* [Problem details]:
Copy out the data in full and exactly, passing over the pictures.

* [Exercise data]:
##############################

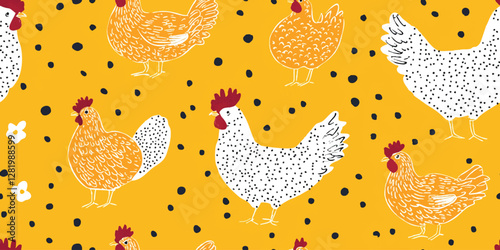 Chicken hand drawn clipart, seamless pattern with chicken birds, cottage core country life style repeating vector yellow background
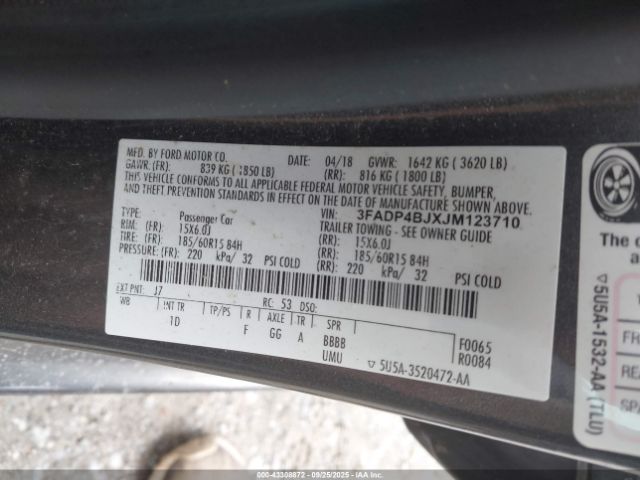 2018 FORD FIESTA 3FADP4BJXJM123710 Photo 8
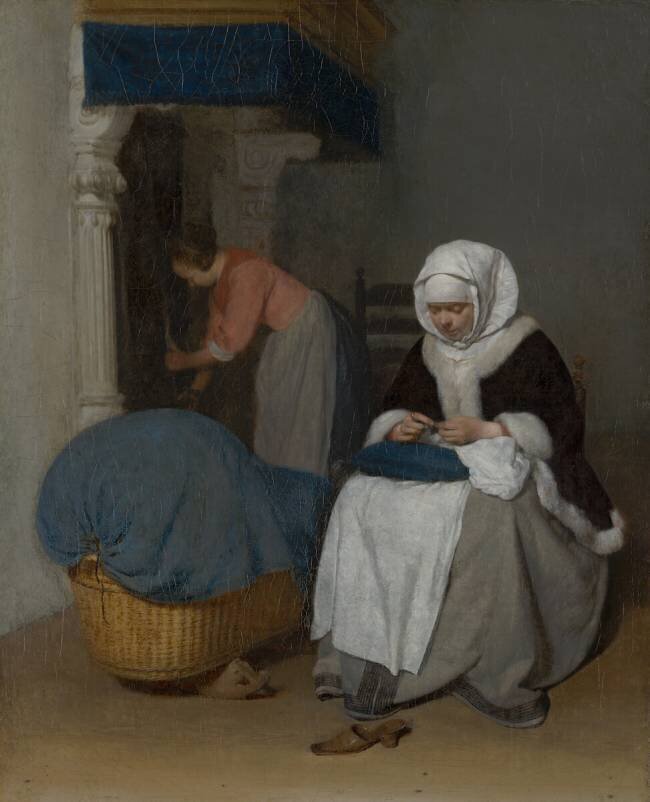 Woman Sewing beside a Cradle Gérard ter Borch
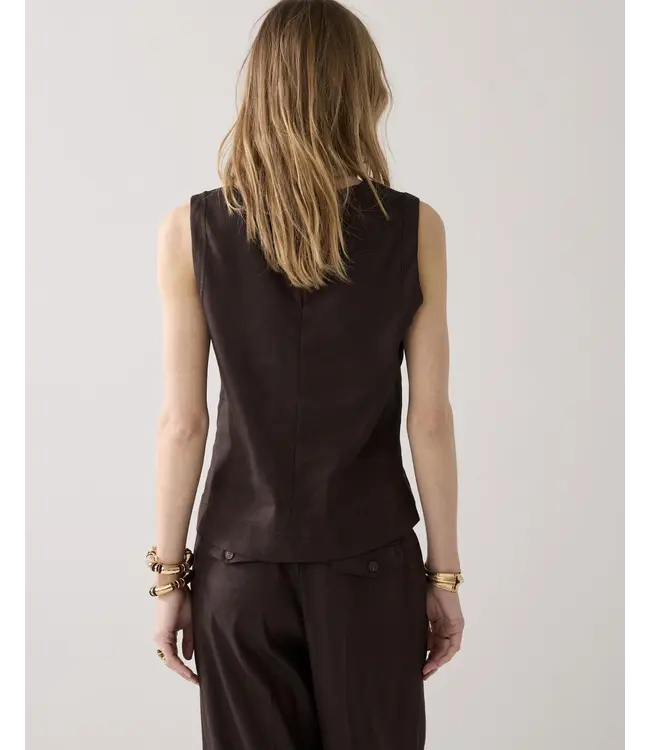 2s3065-11780/000713-Coffee  Top Linen blend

##############################

* [Solution]:
 Chicken hand drawn clipart, seamless pattern with chicken birds, cottage core country life style repeating vector yellow background
 2018 FORD FIESTA 3FADP4BJXJM123710 Photo 8
 Woman Sewing beside a Cradle Gérard ter Borch
 2s3065-11780/000713-Coffee  Top Linen blend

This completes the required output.